Why Small Communities are the Survival Strategy of the Future

This is an edited and recycled piece from the past. Enjoy.

It doesn’t take an economist to see what’s happening. We all know that we’re in the beginning stages of an economic disaster.

Ask almost anyone how they’re doing financially, and you’ll hear the same thing: It’s rough. Groceries cost more; almost beyond reach. Housing costs more; definitely beyond reach. Energy costs way more. And what we can earn… doesn’t stretch the way it once did.

It’s becoming clear that the economic climate is “declining” (understatement). And not slowly either. Most people are already beyond their ability to sustain the standard of living they grew up with. So the real questions are simple:

Why is this happening?
And what do we do about it?

Let’s start with one of the biggest forces shaping the last fifty years: globalization.

The Push Toward Globalization

Globalization isn’t a recent thing. Not even close. Humans have always traded across distance — e.g. the old Silk Road, where goods and ideas moved across continents long before modern borders existed.

But globalization accelerated during the Industrial Revolution. Steamships. Railroads. Faster movement of goods. Then came the 20th century — international institutions like the United Nations and the World Trade Organization promising seamless cooperation and trade.

And then technology changed everything. Telecommunications. The internet. Instant global coordination. Businesses could chase efficiency across oceans. Labor could be sourced wherever it was cheapest. Production could be shifted thousands of miles away with a signature. For a while, it looked brilliant. Lower prices. Rapid growth. Expanding markets.

But there were costs.

Manufacturing towns started to die out. Local industries disappeared. Supply chains stretched thin across continents. Environmental damage accelerated as resource extraction scaled up to feed a global appetite. And culturally? We traded local distinctiveness for sameness. The same brands. The same products. The same rhythms of consumption everywhere.

Globalization brought growth. It also brought fragility.

Why It Can’t Sustain Itself

When your system depends on endless expansion — cheaper labor, cheaper materials, constant growth — eventually you run into limits. Income inequality widens. Local economies weaken. Environmental damage compounds. Supply chains break when one link weakens. We saw that clearly in recent years.

And maybe most importantly, globalization reduces economic stability at the local level. Communities become dependent on distant systems they can’t control.

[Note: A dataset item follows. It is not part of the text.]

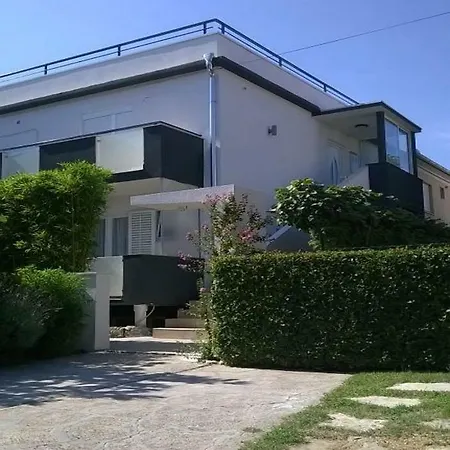 Apartament Petar - 50m From Sea Zadar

That works… until it doesn’t.

The very efficiency that globalization promised becomes its weakness.

What Is a Community Economy?

So what’s the alternative? A community economy changes the focus. Instead of asking, “How do we maximize profit across borders?” it asks, “How do we strengthen the place we live?” It prioritizes local businesses. Local production. Local relationships — as strategy.

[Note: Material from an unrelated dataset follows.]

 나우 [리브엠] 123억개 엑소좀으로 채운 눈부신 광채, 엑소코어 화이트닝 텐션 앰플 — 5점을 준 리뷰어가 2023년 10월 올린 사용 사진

A community economy is rooted in reciprocity and trust. It values sustainability and social cohesion alongside economic exchange. It understands that abundance comes from strong networks, not just strong markets. It doesn’t reject trade. It simply refuses to make distance the default.

Why Small Economies Endure

Small community economies have something global systems lack: feedback.

If you harm your environment locally, you see it.
If you treat workers poorly, you know them.
If a business fails, it affects your neighbor.

Money circulates locally instead of vanishing into distant shareholders. That creates a multiplier effect — one dollar spent locally doesn’t disappear; it moves. And perhaps more importantly, local systems build social capital. They build trust.

And trust — not scale — is what makes systems durable.

How Do You Start?

There are practical models already in play.

Time Banking allows people to exchange services hour for hour. One hour equals one credit — whether you’re tutoring, repairing a fence, or helping someone move. It levels the playing field. Everyone’s time has value.

Local Exchange Trading Systems (LETS) use locally created currencies so members can trade even without traditional cash. These systems emerged in the 1980s as communities looked for ways to strengthen internal exchange.

Mutual Credit systems allow participants to create their own accounting-based currency. When one person’s balance decreases, another’s increases. No physical money required. Just trust and record-keeping.

All of these models share something in common: they localize value. They keep exchange human-scale.

And here’s the reality.

We cannot control global macroeconomic forces. We cannot restructure international trade agreements from our living rooms. But we can build strong local systems.

And we should.

Because the future likely belongs not to the largest systems — but to the most substantive ones.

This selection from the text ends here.